Getting into the fervor around the team, before the World Series started, The Washington Post circulated an article that controversially depicted the Nationals’ players in a manner that did not reflect this diversity. Players of color were made to look whitewashed, draining their melanin. The history of whitewashing is a manifestation of larger social issues that stem from our country’s dark history of slavery and condemnation of marginalized groups.
The illustration depicts the last names on the jerseys of Víctor Robles and Adrián Sánchez, both of whom are not white but whose skin color was made to look white. The discoloring of their skin leaves too much room for the average viewer to discount their diversity. This whitewashing is unacceptable because culture shapes identity, both inwardly and externally.
Despite the negative impacts, the media tends to whitewash its subjects. Black women in the beauty industry are constantly made to pass the paper bag test: an oral tradition in which you only pass if your skin is lighter than the bag. This trend of making marginalized groups with darker skin colors morph into the white standard is evident in the cartoon. Anyone who views this picture without much understanding of the team’s history will be surprised to learn of the team’s diversity.
From Max Scherzer to Juan Soto, the team has plenty of members representing many backgrounds. To make players of black or Hispanic descent look more like their white counterparts does a disservice to what their backgrounds bring to their playing style and team camaraderie. Soto, a left fielder for the Nationals from Santo Domingo, Dominican Republic, employs the “Soto Shuffle” as one of his many strategies to deter the pitcher’s confidence.
These images have a larger impact on the representation of sports figures of color and what we remember. Instead of creating an illustration that is true to the actual makeup of the team, the artist chose to depict the team that would have existed when Major League Baseball was established in 1869.
Baseball had some of the most stringent segregationist laws against black athletes. Although popular history cites that baseball moved past its discriminatory practices when Jackie Robinson broke the color barrier in 1947 with the Brooklyn Dodgers, many black and Hispanic players, like Larry Doby and Hank Thompson, faced struggles well into the succeeding decades.

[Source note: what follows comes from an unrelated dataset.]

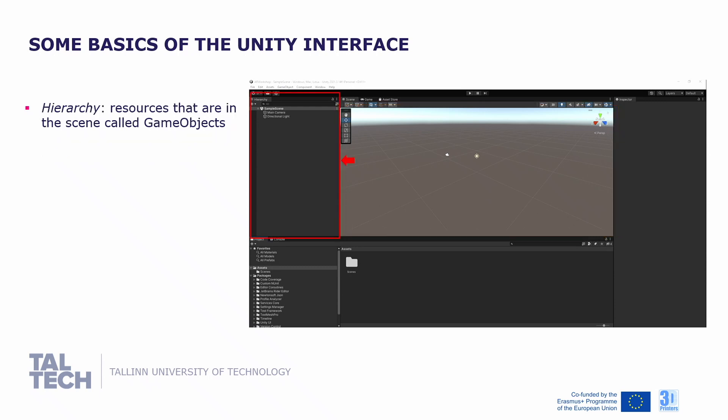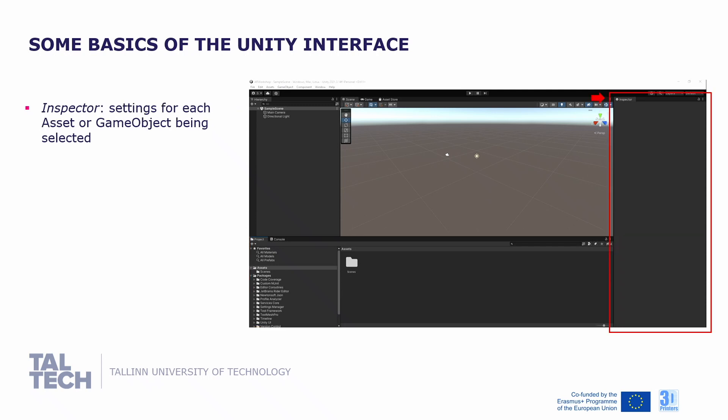On the left, you will find the hierarchy. Resources that are in the scene are called game objects and are visible in the list in the hierarchy. On the bottom, you will find the project tab. Resources in your Unity project folders are called assets and are visible here. On the right, you will find the inspector, which visualizes the settings for each asset or game object being selected, either in the scene or in the folder structure of your project.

Baseball in Washington, D.C., would not have been able to cultivate the environment in which the Nationals thrived today without the history of the Negro league teams in the city. The Negro league was the single place black athletes could play and opened the door later on for players of color to break into MLB. If these leagues had not pushed to create an outlet for black players, many would not be playing today.
Not only did the illustration whitewash players of color, but it also failed to mention that the work that went into winning this latest World Series was not the first time a team brought a championship home to the city. Before the Washington Nationals arrived in 2005, there was a Negro league team here in 1946, the Homestead Grays, that won the Negro World Series title in 1948. The last time an all-white team won a baseball title in the city was in 1924. In failing to recognize the history of players of color, that history is erased, especially since that group does not always have the power to cement its place within greater society.
With this history in mind, it is crucial to see why this illustration carries so much weight when it takes away players’ cultural identity. Marginalized groups in sports have always dealt with being dehumanized and having their agency taken away — and such depictions should stop.
American history tends to be very selective in what is remembered and what is considered mainstream. The mainstream, dominated by white norms and perceptions, usually overpowers the important roles that people of color play in creating new histories in an ever-changing American context. Influencers, who can be complicit in acts of whitewashing, have to be more aware of the impact of their work. Continuing this practice means marginalized groups will continue to have their history written for them.
Alexis Smith is a sophomore in the College.